Although delayed by strong winds on Sunday, the top eight boats for the final races sailed out from Howth and the ISA All-Ireland Sailing Championship, sponsored by Euro Car Parks, had the added expectation of a tussle for the silver salver that listed many of the best sailors the country has produced over the last six decades.
That tussle had already been heralded when Beijing Olympian Peter O'Leary began preparing for the Qingdao venue.
Already, his youngest brother, Nicholas, (or "Nin") had decided to take up the sport.
Progress into the sport for Nin O'Leary has been rapid and an invite for the "champion of champions" last weekend was an inevitability.
Ironically, Peter O'Leary had been unavailable for the championships even though an invite for current Olympians is automatic.
However, some gentle pressure on the former All-Ireland champion persuaded him to take up the invite and the mix was set - almost.
If the O'Leary brothers' competitive edge had come from anywhere, it wasn't from the water and more likely from their father Anthony, who has multiple championship wins to his credit, and a wild-card invite for him was fortuitous in setting the scene where Nin emerged overall winner with Anthony placed second and Peter third.
Yet it wasn't without some further irony that the final eight boats counted just two "big-boat" sailors, Anthony O'Leary included alongside Nigel Biggs as representative of this section of sport.

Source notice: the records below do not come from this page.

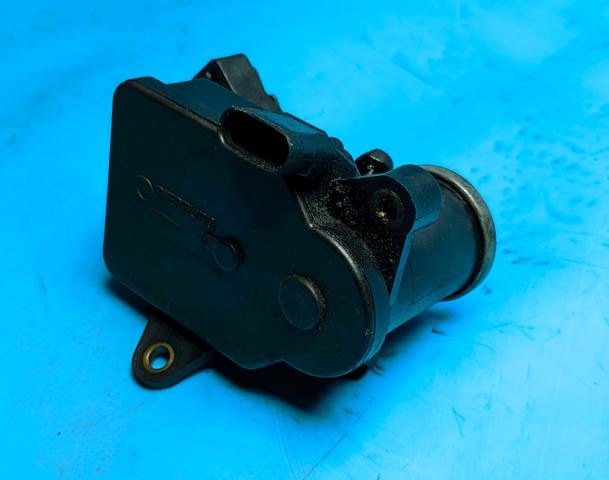 Клапан приводу заслінок впускного колектора A6421500594 MERCEDES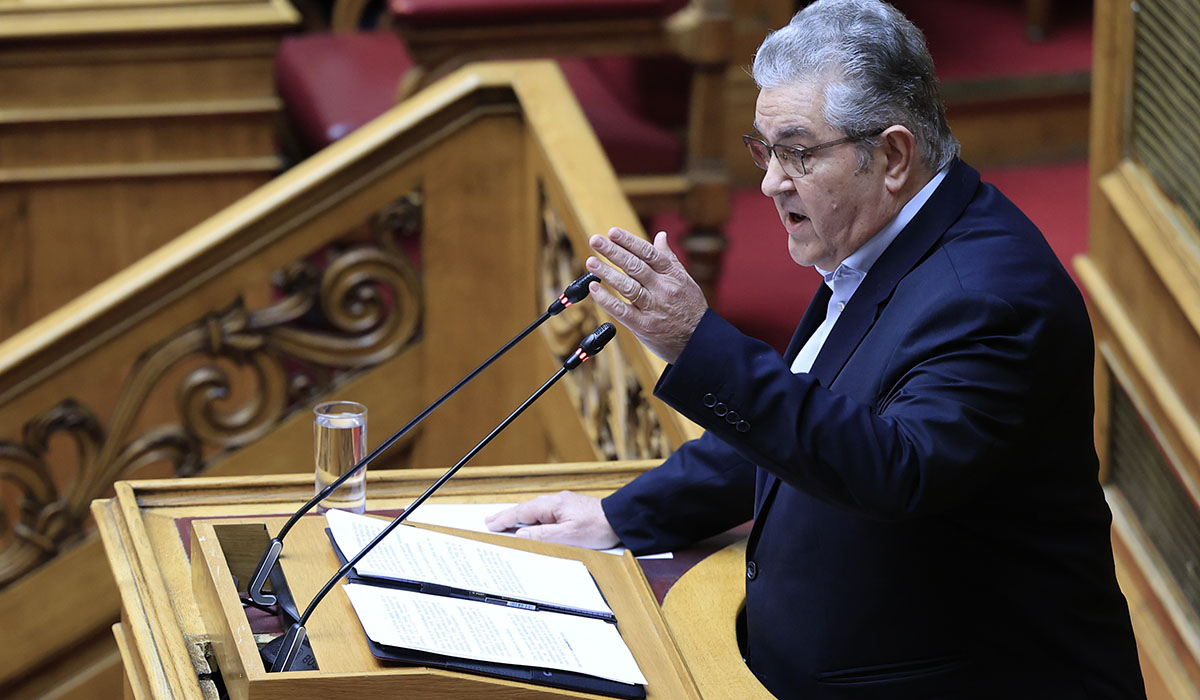 Κουτσούμπας: Η τροπολογία για τους μετανάστες είναι ένα ημίμετρο για να ικανοποιηθούν τα συμφέροντα εργοδοτών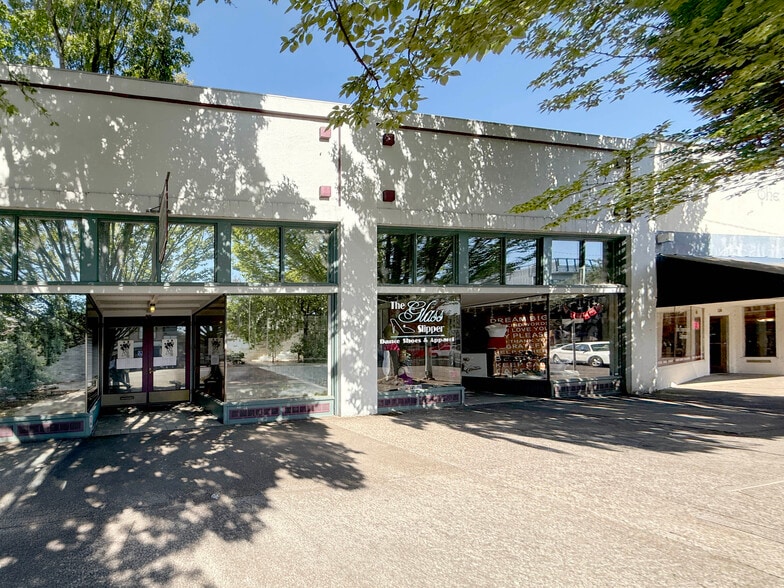 Primary Photo Of 108-116 NW 2nd St, Corvallis Storefront For Sale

While Anthony O'Leary placed second in the event and Biggs was sixth, none of the other helmsman representatives from winning handicap boats made the final cut after three flights comprising 24 sailors.
Instead, the finalists comprised an assortment of one-design sailors from popular though hardly in themselves as representative of the sport in Ireland as the handicapped racing classes which count hundreds of boats and thousands of sailors.
Similarly, not one dinghy representative achieved a place in the final and though classes abound, numbers in most fleets struggle to make the effort of running championships worthwhile.
Junior classes would appear to be the exception yet even here there appears to be evidence of slipping standards; one class representative recently cited the example of British visitors now considering sending their silver-level sailors to Irish national championships as standards have recently been insufficient to justify sending their best young sailors.
It may yet be suggested that the presence of our top Olympians in the All-Irelands is a turn-off for the best club-level sailors taking part. But the reality is that just two of the Olympic panel were actually sailing last weekend and with Peter O'Leary's third place and a win by a relative newcomer to the sport, that excuse is unlikely to hold water when it comes to considering whether standards in the domestic arena are slipping.